We couldn’t refresh the table YourTableName from connection YourPQConnection. Here’s the error message we got: OLE DB or ODBC error: The query YourPowerQuery or one of its inputs was modified in Power Query after this connection was added.
When you first see this message, you can feel your stomach sink through the floor. You have put hours into your data model and how you have to “start again”.
How to fix this problem after it happens
- First go to each measure in your affected table and move each measure to another table (any table will do). You can’t cut and paste from the calculation area – not if you want to keep your measure formatting anyway. So instead you need to go into ExcelManage Calculated Fields and change the table name for all the measures affected.
- Go into Power Query, remove the check from the checkbox “load to data model” and save the Power Query.
- Then edit the Power Query again, re-check “load to data model” and save.
- Go back into Power Pivot and move all your measures back into the Power Query table.
- Reconnect the tables in Power Pivot.
Now the more measures you have in Power Pivot in your table, the more work this becomes. I can tell you it is a real hassle.
As an extra precaution, I always take hourly snapshots of my workbooks when working on the data model. Just take a copy of the current workbook and save it in a location with a unique name (date and time stamp added to the name works best for me). Then if disaster ever strikes, you never lose more than 1 hour’s work.
Prevention is better than the cure
I have seen various posts on how to fix this problem, but frankly I haven’t seen any that seem to work perfectly. So I think there are basically 2 choices:
- Don’t use Power Query
- Find a way of managing the risk to an acceptable level.
Well option 1 is not a good option because Power Query is a great tool.
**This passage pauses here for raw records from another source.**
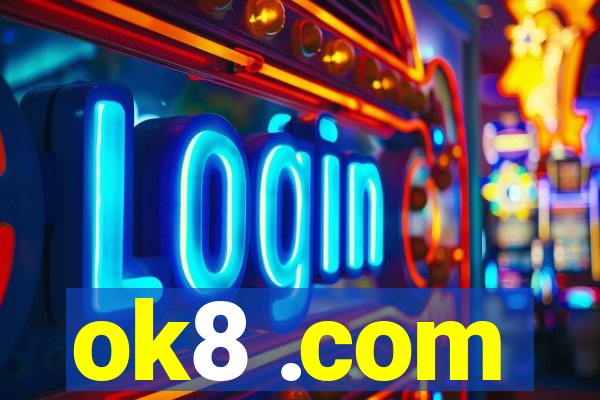 ok8 .com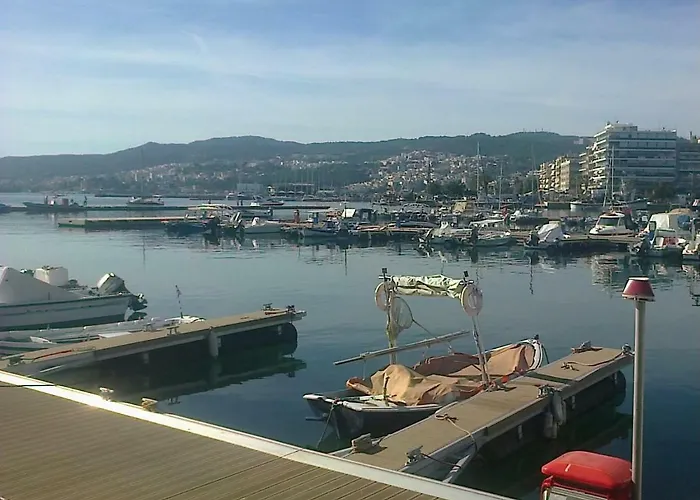 Pensionat Kami Bjala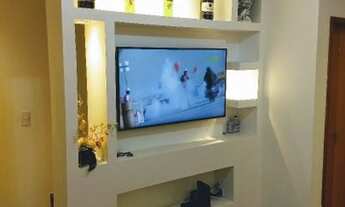 Imagem 3: Casa de Condomínio com 51m² e 2 Suítes na Vila Nhocuné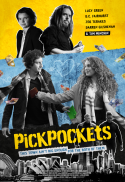 Pickpockets - Filmmaker Q&A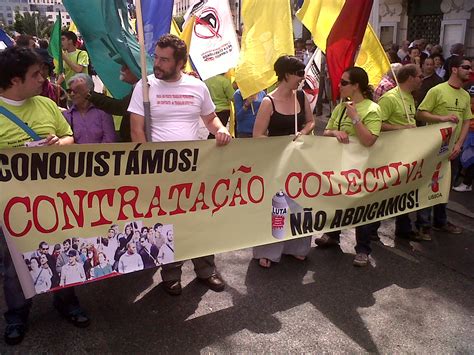 ManifestaÇÕes Protestos ComÍcios Cgtp Martim Moniz Alameda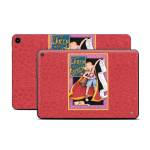 Queen Has Spoken Amazon Fire Tablet Series Skin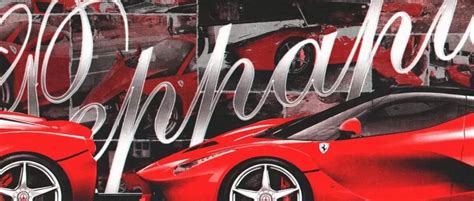 Ferrari Whero I Roto I Tenei Bikini Me Te Ahua Penei Kaore Te Polka I Whai Waahi Ki Ana Hoa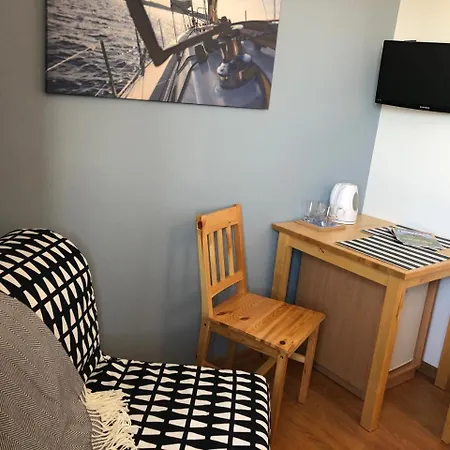 Accommodatie bij particulieren Gabriela Goscinne Z Basenem *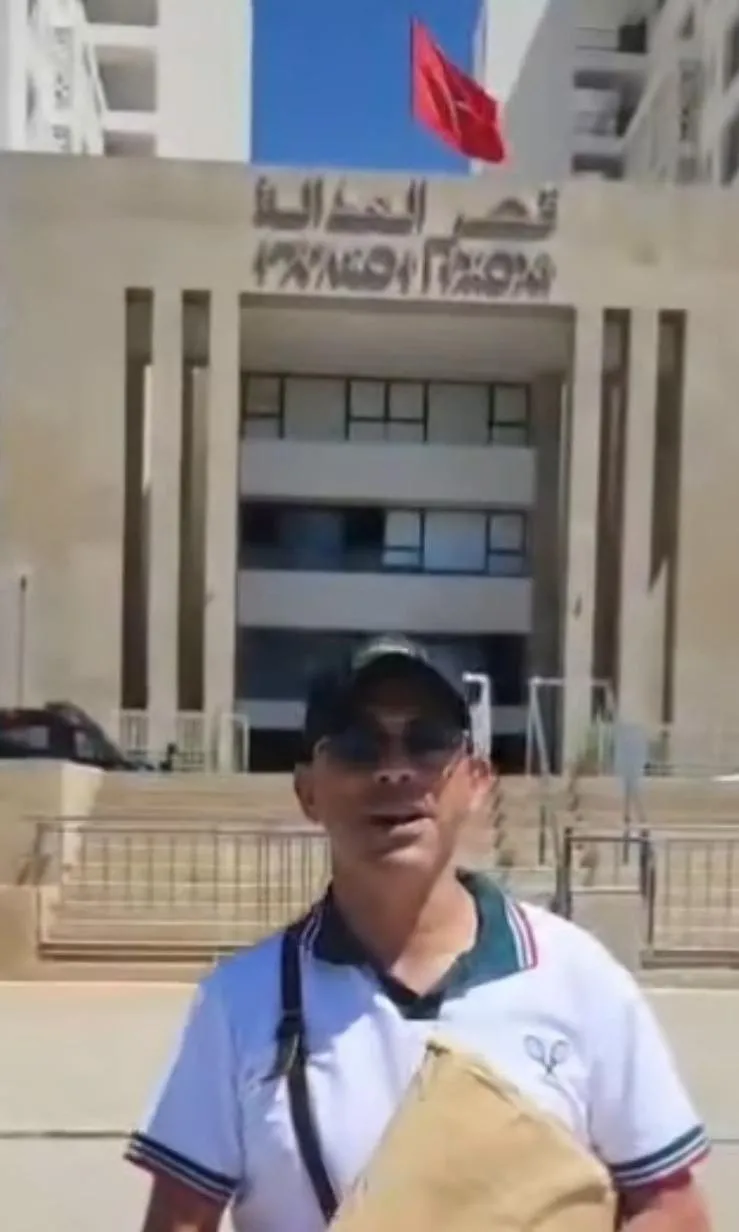 Mohamed Dali Set to Submit Waiver Document in Judicial Case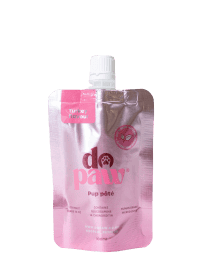 Pup Pâté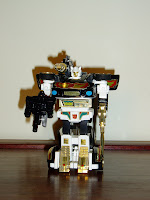 Ricochet Robot Mode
This is process I have adopted that minimises the effort of rework if/when something goes wrong. And the key is to never put any measures/calculate fields in tables that come from Power Query. Here is my process.
- Add your table from Power Query (as normal) into the data model.
- Create a dummy table to store your measures that would normally go into the Power Query table.
- Add the table to Power Pivot. Don’t connect the table to anything, just keep it as a disconnected table.
- When you need a measure that would normally be placed in your Power Query table, just place it in this dummy table instead.
Now there are only 2 problems with this approach, and they are minor in the big scheme of things.
- If a problem occurs, you still need unload your Power Query workbook, re-load it again and reconnect the tables. But that takes 30 seconds tops.
- You will get “false positive” warnings from Excel that your data model may need connections. But frankly you get a lot of those anyway, particularly once you start to write more complex DAX, so it is not really an issue.
Microsoft is working on it.
I know a guy who is connected with Microsoft, and he assures me that Microsoft knows this is a big issue and is working on it with priority. Having said that, he told me this last October 2014 and it is still not fixed.
I hope my suggested approach saves you future pain.
Edit 16 May 2015: I now know the exact cause and cure for this problem. See this post here
If you want a comprehensive lesson on how to use Power Query, checkout my training course here https://exceleratorbi.com.au/power-query-online-training/
Thanks for an interesting idea, but what do you do with calculated columns?
I assume you are asking “how do I recover my calf columns”, right? Well a couple of comments. Firstly, based on my experience, most calc columns that self taught Power Pivot users creat should actually be Calculated Fields instead. I don’t know if this applies to you or not. Have a read of this. http://www.powerpivotpro.com/2014/10/5-common-mistakes-made-by-self-taught-dax-students/
Secondly, I have just returned from PASS BA Vinference in Santa Clara, CA http://passbaconference.com/2015/Live.aspx. At one of the sessions I finally learnt exactly what the problem is. I will update this blog post to explain the problem later, but so you know, the issue is that when you make any changes to a table that comes from Power Query from within Power Pivot, the connection is set to “read only”. Examples are changing table name, column name, adding calc column etc. Then if you change Power Query again, the error occurs. I’ve both applications have changed the table, and hence you are forced to remove and reload the table. It makes sense really.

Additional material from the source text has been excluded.